As we approach election season here in 2010, American voters are seemingly more angry than at any other time in recent memory. More than at any other time in modern American history, Americans are seeking out alternatives outside the “two party system” (such as the Tea Party movement) through which to express their anger. So why are the American people so angry? Well, the truth is that there are a whole lot of reasons, but one of the biggest reasons is the horrific mismanagement of our national finances that has been going on in Washington. The “Congress critters” have been piling up the biggest mountain of debt in the history of the world, and millions of Americans are now waking up and are now realizing that our financial future has been absolutely obliterated. We have accumulated a debt that is impossible to repay. In fact, it is rapidly getting to the point where it will become impossible even to service the debt. All of this debt is literally killing the American Dream. An increasing number of Americans now realize the horror of what we have done, but the reality is that it may be far too late to reverse the damage that has taken place.
The amount of money that the U.S. government spends is absolutely mind blowing. For example, did you know that the U.S. Congress will spend about 25.4 percent of GDP this year?
It is hard to continue to say with a straight face that we are not a socialist nation when the government is spending that kind of money.
And that is just the federal government – state and local governments spend massive amounts of money on top of that.
But we will get to that in a minute.
First let’s examine the horrific amounts of debt that the federal government is piling up.
In an article that we recently authored on another website, we noted that back in 1950, the total debt of the U.S. government was only about 257 billion dollars.
Just think about that.
From the creation of the United States until 1950, we had accumulated only 257 billion dollars of debt.

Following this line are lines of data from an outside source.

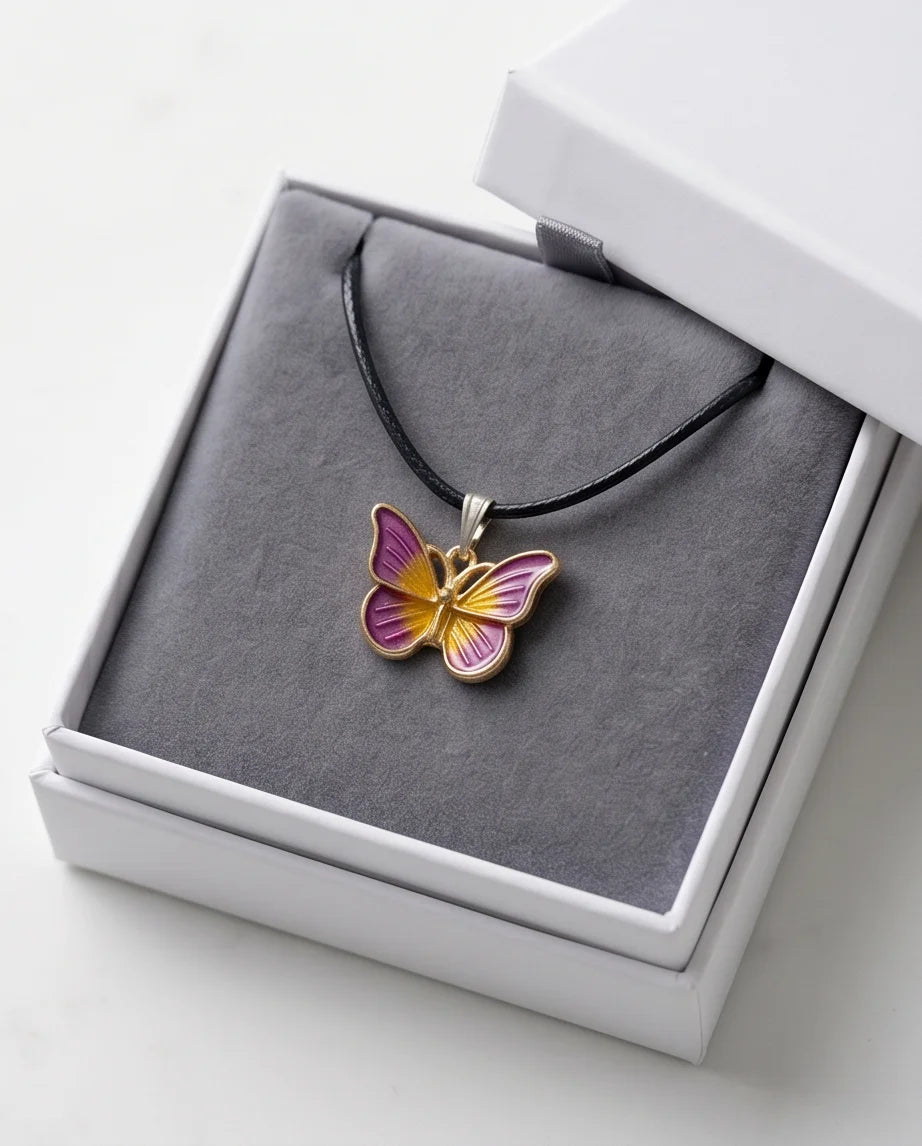 Purple & Gold Butterfly Pendant Necklace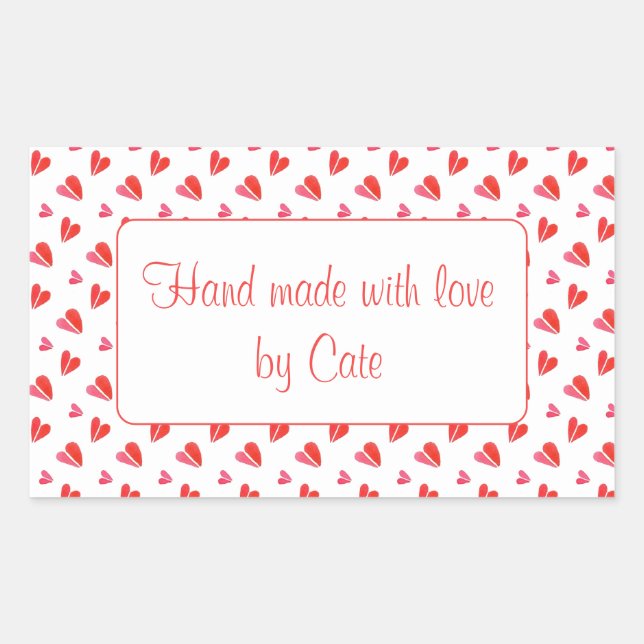 Adesivo Retangular MÍNIMOS CORAÇÕES Retângulos "Mãos Feitas" (Frente)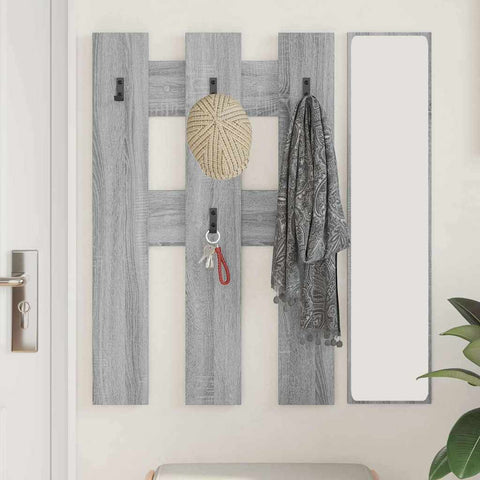 vidaXL Wall-Mounted Coat Rack Wall-mounted with Storage Grey sonoma Engineered wood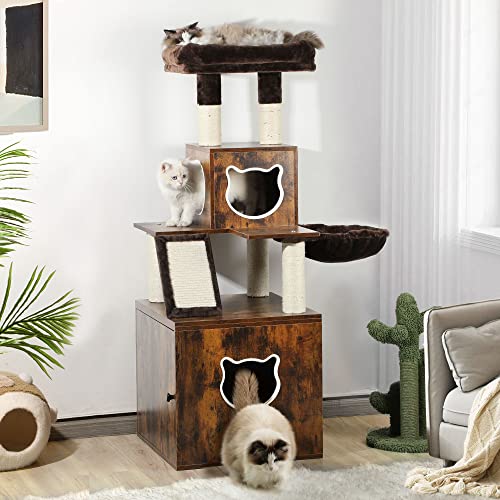 0840332366104 - YITAHOME MODERN CAT TREE WITH LITTER BOX ENCLOSURE, SEPARABLE ENDTABLE AND LARGE CAT TOWER, 4-IN-1 LITTER BOX FURNITURE HIDDEN WITH HAMMOCK AND SCRATCHING POST FOR LARGE CATS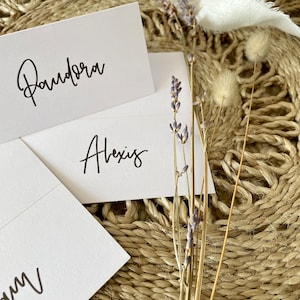 Tarjetas de nombre de lugar escritas a mano / Nombres de lugares de boda / Tarjetas de nombre / Tarjetas de lugar de cena / Decoración de mesa / Tarjetas de lugar / Personalizadas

Today, the U.S. government accumulates over 4 billion dollars more debt each day.
Let that sink in for a bit.
We have a national debt that is exploding so fast that it is hard to even put the horror of it into words.
According to Erskine Bowles, one of the heads of Barack Obama’s national debt commission, the U.S. government will be spending $2 trillion just on interest on the national debt by 2020.
So just how big is 2 trillion dollars?
Well, the entire U.S. government budget is less than 4 trillion dollars for the entire year of 2010.
So how in the world are we going to be able to afford to pay 2 trillion dollars in interest when the year 2020 rolls around?
It is hard to even conceive of amounts of money that large.
If you went out today and started spending one dollar every single second, it would take you more than 31,000 years to spend one trillion dollars.
Are you starting to get the picture?
But things are even worse than the official numbers tell us.
If the U.S. government was forced to use GAAP accounting principles (like all publicly-traded corporations must), the U.S. government budget deficit would be somewhere in the neighborhood of $4 trillion to $5 trillion.
Do you think a great politician can come along and fix that kind of a mess?
No, not under the current system.
But it just isn’t the U.S. government that is the problem.
As we have written about previously, state and local governments across the United States are completely broke.
In fact, it would be easy to make the argument that many of the states are in even worse financial position than the U.S. government is.
California is totally broke.
Illinois is in even worse shape.
There is a very real possibility that we could see a number of U.S. states actually default on their debts in the next few years.
Of course the federal government could step in and bail them out, but that would just add more debt at the federal level.
Meanwhile, the states continue to borrow money at a staggering pace.
It is being reported that the 50 U.S. states have racked up a record $2.4 trillion in bond debt during the recent economic downturn.
But things get even worse the further down the road you look.
Robert Novy-Marx of the University of Chicago and Joshua D. Rauh of Northwestern’s Kellogg School of Management recently calculated the combined pension liability of the 50 U.S. states. What they found was that the 50 states are collectively facing $5.17 trillion in pension obligations, but they only have $1.94 trillion set aside in state pension funds. That is a difference of 3.2 trillion dollars.
So where in the world are the 50 states going to get an extra 3.2 trillion dollars to meet those pension obligations?
What a mess!
America has become absolutely addicted to debt and it is destroying us. If you add up all government, business and consumer debt, the total is equivalent to approximately 360 percent of GDP.
In case you were wondering, that is really, really, really bad.
We have built an economy on debt and paper money and now it is starting to implode.
The truth is that we are all to blame. There are very few of us that have not run out and piled up debt at some point in our lives.
At the end of 2008, the total credit card debt owed by American consumers totalled more than 972 billion dollars.
That amount is greater than the GDP of the world’s 122 poorest nations combined.
Needless to say, America has a debt problem that is not sustainable.
This giant bubble that we have created is going to burst.
In fact, it has already started bursting.
The prosperity that we have been enjoying for the past couple of decades has been based on a lie. We borrowed and borrowed and borrowed and we came to think of the affluence that all of this borrowing afforded us as normal.
But now we are going to learn some very painful lessons as a society. The “good times” that we are enjoying are going to go away. Society is going to undergo dramatic changes. The entire economic system is going to implode.
So are you ready for all of this?
You better get ready.
You still have a little bit of time to prepare, but time is running out.